The levels of emissions of an engine are interrelated by complex and poorly understood mechanisms. It is known, for example, that adding anhydrous alcohol to gasoline will actually increase the hydrocarbon content of the fuel, but will also tend to reduce the levels of emitted particulates and carbon monoxide. Increasing the temperature of the in-cylinder combustion will usually result in more complete combustion of the fuel, and so reducing hydrocarbon emissions, but will result in an increase in nitrogen oxides and affect the polycyclic aromatic hydrocarbon constituents of the particulates. Sulfur oxide emissions can be reduced by using low-sulfur fuels, but it is known that reducing sulfur in the fuel normally changes the aromatics and boiling range of the fuel, both of which affect the amount of particulates emitted.

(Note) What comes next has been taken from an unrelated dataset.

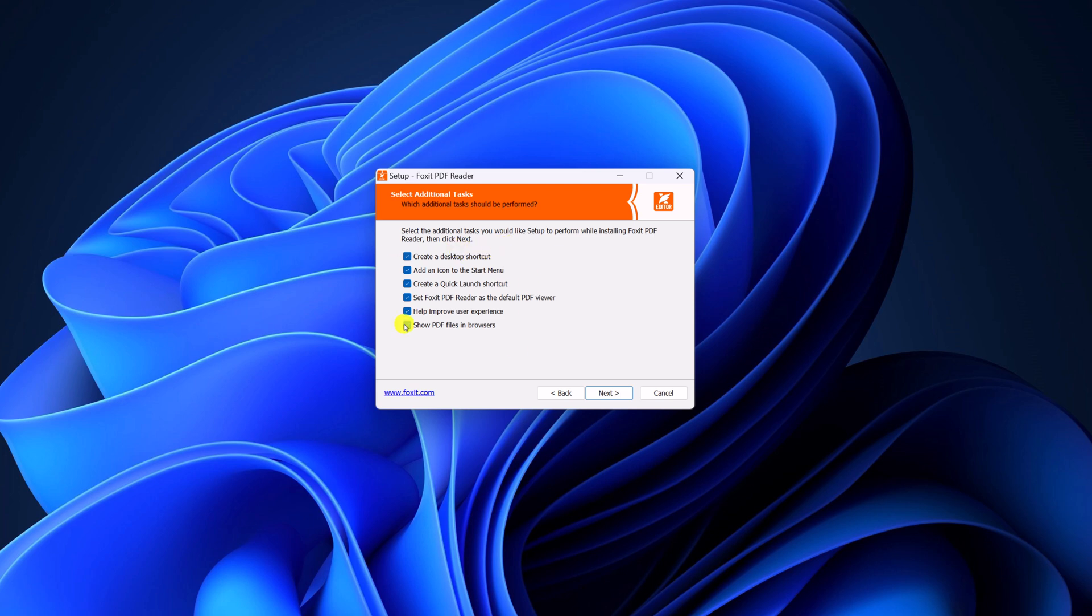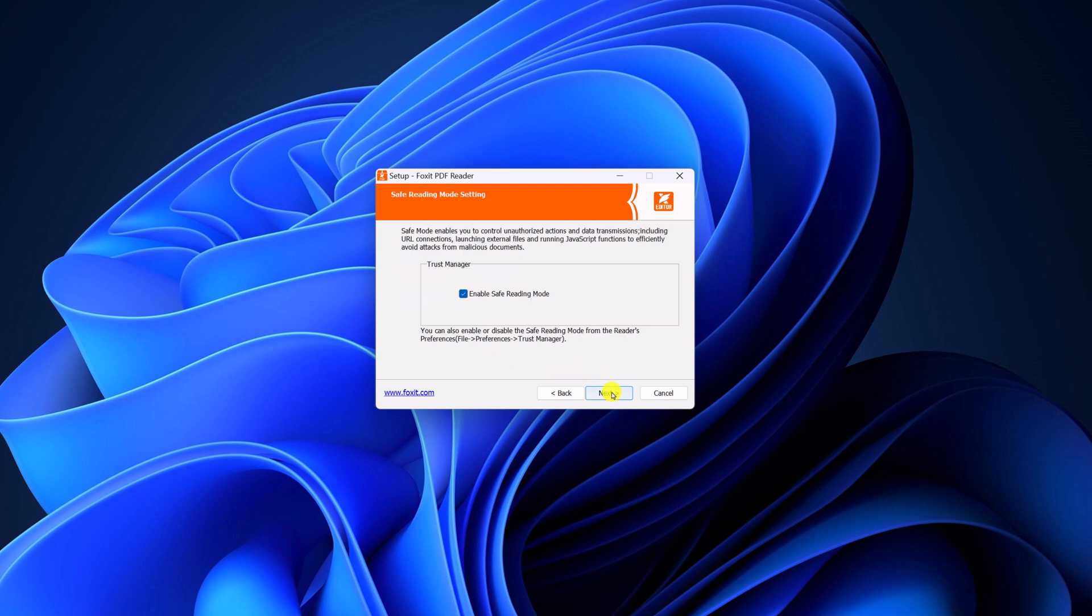And here you will find additional tasks. So depending upon your preference, you can simply check the box. Like if you want to create a desktop shortcut, then simply check the box and other options. After that, click on next and click on next.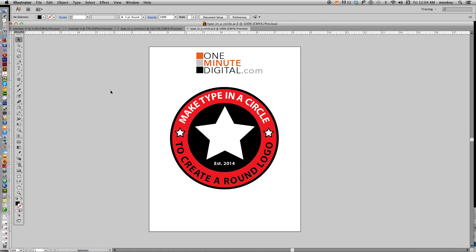Hi everybody. Thanks again for coming back to OneMinuteDigital.com. Today's a little bit longer tutorial. It's nothing really advanced — it just takes a little more time to explain, but this is really basic. I'm going to show you how to make type in a circle to create a round logo. A lot of you have probably played with the type on a path tool and it works, but it just doesn't look good, so I'm going to show you how to do this.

Many attempts have been made to improve engine efficiencies and reduce emissions, including the use of a hydrous alcohol supplemental fuel. In U.S. Pat. No. 4,708,118, a radically modified internal combustion engine, having three valves per cylinder, employed an injector to deliver a combination liquid and vapor fuel. A hydrous methanol mixture was added to the fuel in the intake manifold to lower the temperature of combustion and thereby reduce nitrogen oxide emissions. No teaching is provided in the patent as to the ratio of water to alcohol, or proof of the water/methanol mixture or of the timing amount of the hydrous methanol fuel used in the engine. Neither is there any direct control over the availability of the hydrous methanol to the engine.
U.S. Pat. No. 4,385,593 teaches a mixture of water and an unspecified alcohol that is heated to a gaseous state and mixed in the intake manifold with the gasoline and air mixture from the carburetor. The hydrous alcohol fuel is described to increase the mileage by as much as 10-20 percent. The patent teaches such fuel mixtures only for use with carbureted gasoline engines.